The IPA we turn out is a transparent, colorless liquid, made through hydration of propylene via indirect or direct methods. Not every bottle or drum is the same if the plant runs carelessly. We use rigorous in-line controls and gas chromatography at key points, not by habit but because trace contamination wastes time and trust downstream.
Isopropyl alcohol with 99.9% purity, also known as anhydrous IPA, dominates semiconductor lines and electronics cleaning. Some customers demand lower strength—usually 70%—for cleaning labs, hospitals, or as an antiseptic base. The cut matters.

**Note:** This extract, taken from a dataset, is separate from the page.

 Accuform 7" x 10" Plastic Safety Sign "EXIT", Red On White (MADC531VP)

At higher purities, even trace water can corrode or leave spots on sensitive surfaces. Universities, chip makers, and pharmaceutical plants will call any inconsistency. For them, trace metals, non-volatile residue, and appearance reports say almost as much about our process as they do about the alcohol itself.

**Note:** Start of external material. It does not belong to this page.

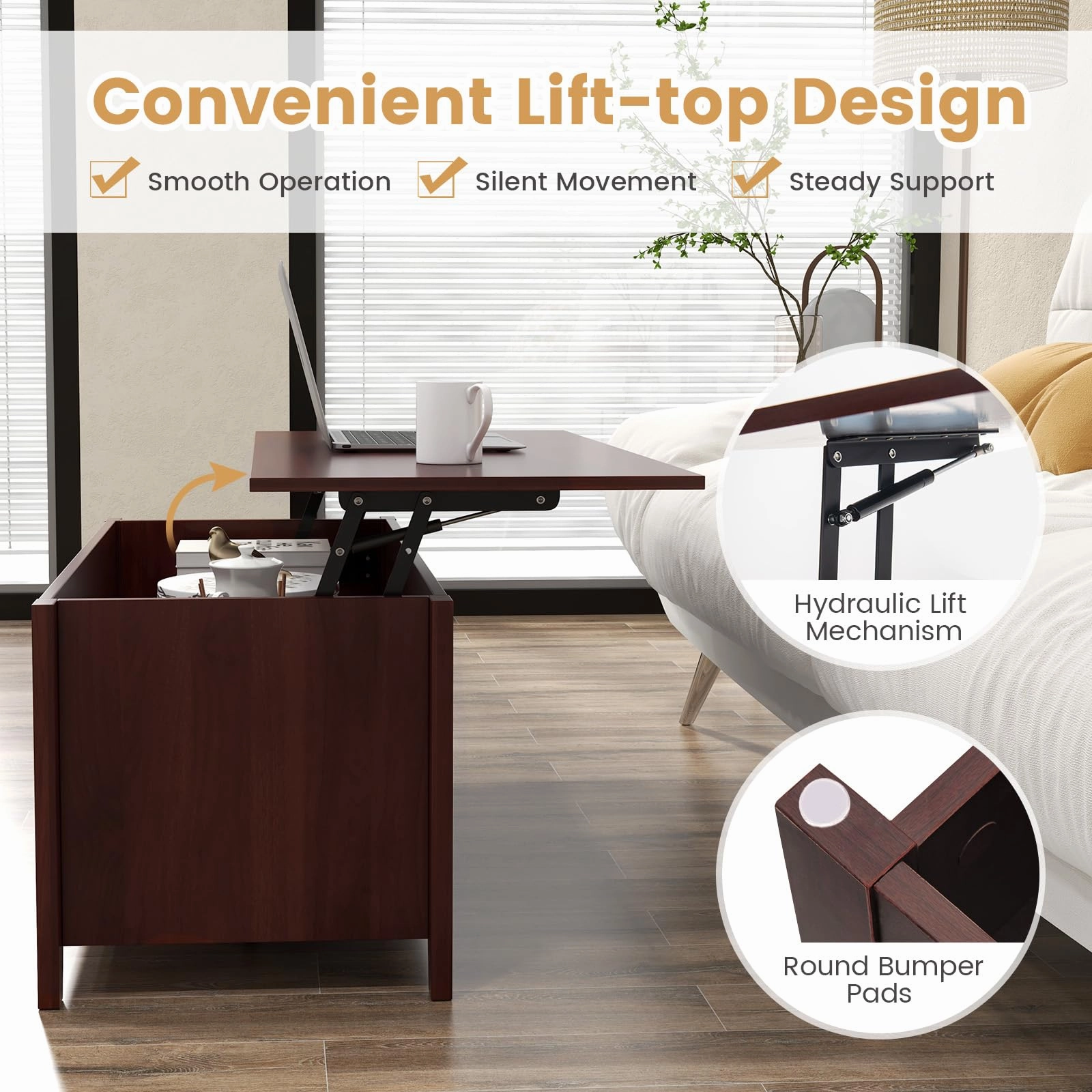 Giantex Lift Top Coffee Table - Rectangular Wooden Table w/Hidden Compartment & Open Storage Shelves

Getting IPA right means hitting tight specs, not just for purity, but for water content and acidity. We usually analyze each lot for:
These might seem granular, but every percentage point—or fraction of a point—matters for certain industries. For general cleaning and surface prep, a few tenths of a percent rarely shows up as a problem; in fabrication, it can ruin days of production.
We rarely design IPA for a single purpose. Most incoming calls revolve around cleaning, disinfecting, solvent use, or extraction.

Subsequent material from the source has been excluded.